U.S. Pat. No. 6,374,075 to Benedict et al. teaches a method for correcting the skew of print media on a feedpath utilizing one or more pairs of differentially driven nips. The operating speeds of the individual nips are determined from data provided by print media sensors positioned along the edge of the feedpath. These sensors include point sensors and CCD arrays. The differentially driven nips re-orient the print media as it is fed along the feedpath.
U.S. Pat. No. 5,794,176 to Milillo also teaches a method for deskewing print media on a feedpath utilizing a pair of differentially driven nips. The operating speeds of the individual nips are determined from data provided by two print media sensors positioned immediately downstream on the feedpath from the nips and on an axis which is perpendicular to the feed direction of the feedpath. These sensors are positioned to detect the leading edge of the print media, with the time delay between detections of the edge by the two sensors being used to generate control signals for motors driving the individual nips.
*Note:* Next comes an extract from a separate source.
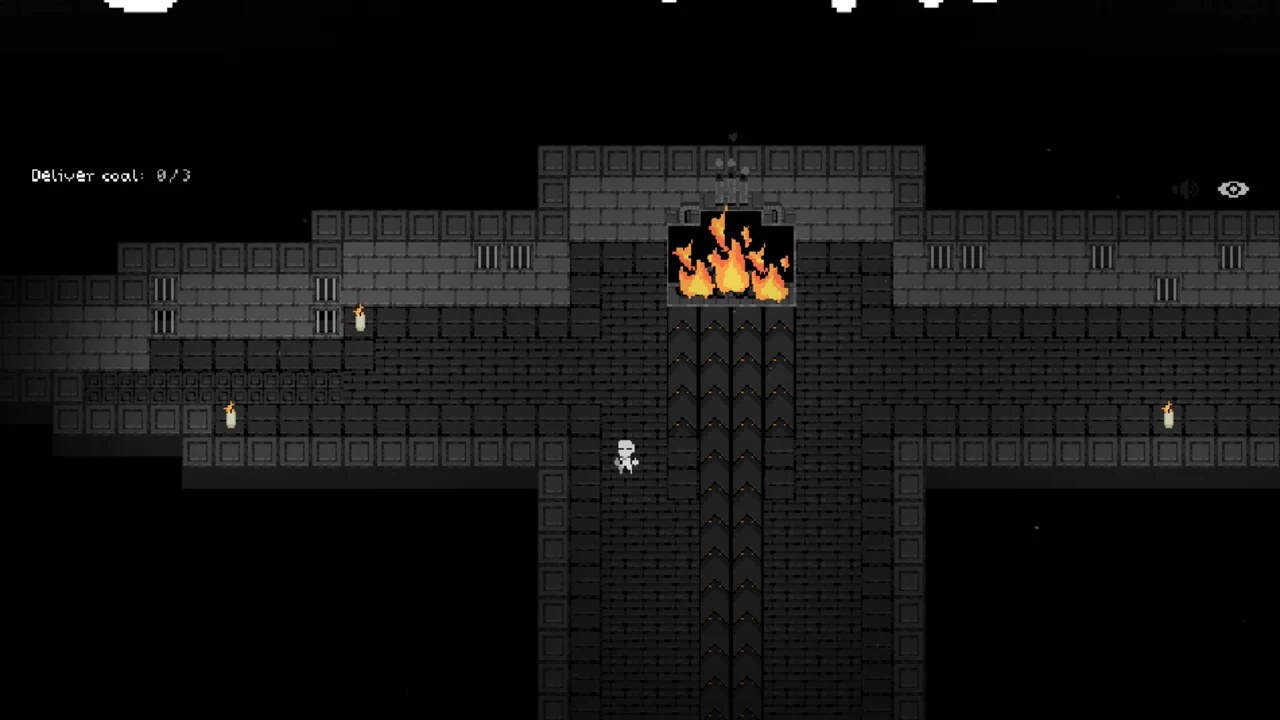 Compressed pixel-art view of Cobb Can Move first dungeon room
U.S. Pat. No. 5,678,159 to Williams et al teaches a method for correcting the skew of print media on a feedpath which utilizes data from print media leading edge sensors positioned along the center of the feedpath and print media edge sensors positioned along the edge of the feedpath. This data is used to determine the operating speed of a pair of differentially driven nips which re-orient the print media as it is fed along the feedpath.
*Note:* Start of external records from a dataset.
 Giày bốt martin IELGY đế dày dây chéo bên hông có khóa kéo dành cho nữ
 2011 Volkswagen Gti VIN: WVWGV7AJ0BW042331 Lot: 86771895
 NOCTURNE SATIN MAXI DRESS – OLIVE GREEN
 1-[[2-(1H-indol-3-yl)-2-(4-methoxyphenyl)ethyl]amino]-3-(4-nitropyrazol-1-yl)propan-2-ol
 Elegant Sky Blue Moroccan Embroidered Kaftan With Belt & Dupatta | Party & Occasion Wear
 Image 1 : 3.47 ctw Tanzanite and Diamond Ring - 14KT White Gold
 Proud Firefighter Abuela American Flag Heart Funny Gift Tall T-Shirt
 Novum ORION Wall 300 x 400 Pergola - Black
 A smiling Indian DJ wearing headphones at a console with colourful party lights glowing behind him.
U.S. Pat. No. 5,466,079 to Quintana teaches a buckle deskew method which utilizes an optical interrupt sensor for print media leading edge detection. Print media is delivered from feed rollers and is passed through deskew rollers until the leading edge is detected. The print media is then reversed out of the deskew rollers, while being held by the feed rollers, until the leading edge is free to align in the nip of the deskew rollers. The alignment is assisted by a buckle which forms in the print media. Finally, the deskewed print media is again fed through the deskew rollers and along the feedpath. The sensor is mounted so that it can be shuttled across the feedpath to also detect a side edge of the print media. Detection of the leading and side edges allows the orientation of the print media to be determined.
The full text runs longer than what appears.